Jeremy Firestone has investigated the physics of shipstrikes on whales, looking at whether speed or mass are most important in determining damage. This is particularly important where the endangered right whale is concerned. Firestone is trying to determine quantitatively how particular strategies, such as slowing down ships, or shifting vessel routes, might reduce these destructive encounters, and which might be more acceptable to the different stakeholders.

“Climate change is rapidly emerging…as the primary source of imperilment” for ocean species, says Wil Burns. Sea ice has receded, permitting ship travel in previously safe Arctic regions; algae and krill populations, whale ecosystem mainstays, are shrinking. Whales face extinction by a variety of synergistic factors now, and for better or worse, says Burns, the legal and regulatory response must center on the International Whaling Commission (IWC).

Alison Rieser discusses the current gnarled politics of the IWC. Japan exploits a loophole in a global whaling moratorium to take hundreds of Antarctic and Pacific whales, arguing that populations permit sustainable catch quotas. Other countries vehemently oppose this whaling, and are trying to modernize the IWC, to make it address near and long-range threats to cetaceans. Rieser wonders if, under U.S. leadership, the IWC “can be salvaged” in order to take collective action “around climate change and the other proximate causes of whale demise.”

Don Anton assumes at the outset that “dysfunctionality won’t go away” in world whaling politics.
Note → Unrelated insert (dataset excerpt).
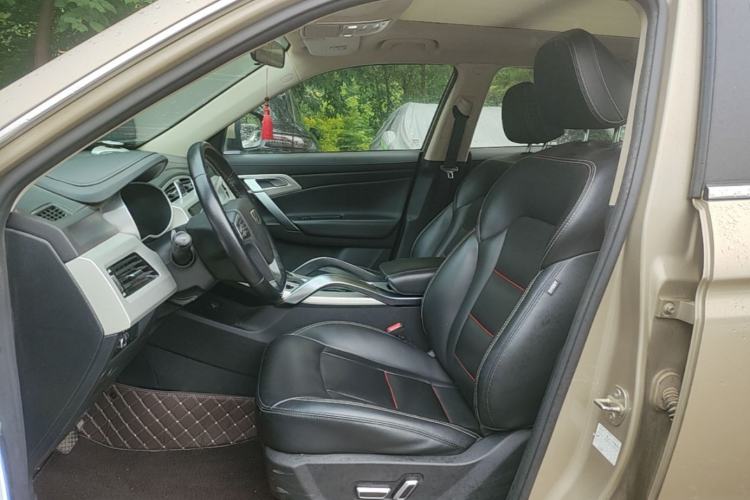 Used Geely Auto Emgrand X7 Sport 2018 1.8TD Automatic Two-Wheel Drive Smart Connect 4G Internet Edition Left Front Seat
He looks in particular at Australia’s efforts to end Japanese whaling by establishing a whale sanctuary off Antarctica. Anton doesn’t believe this unilateral approach will work. “I come at this (conclusion) awkwardly and uncomfortably” as a “tree-hugger,” he admits. Instead, he thinks Australia and New Zealand should plead the whales’ case before an international tribunal.
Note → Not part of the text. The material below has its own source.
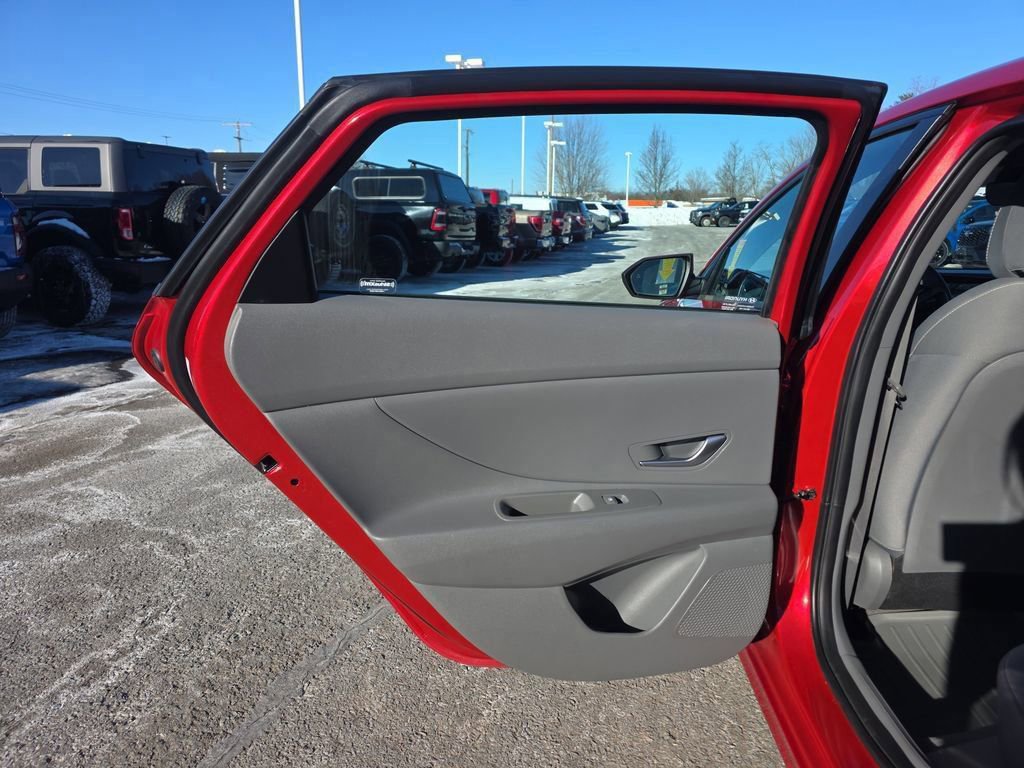 Used 2022 Hyundai Elantra SEL image 19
“I think whaling should stop absolutely,” says Max Strahan. We have an ecosystemic relationship to them, he says, and the fact we’re killing whales symbolizes our destruction of the oceans as well. The reason why the treaties don’t work, he says, is that “under the real law that matters, whales are still fish,” managed like hunted animals, and under this paradigm, there’s no possibility of saving them. Strahan wants the end of commercial whaling and of the IWC, and demands environmental reviews of fisheries.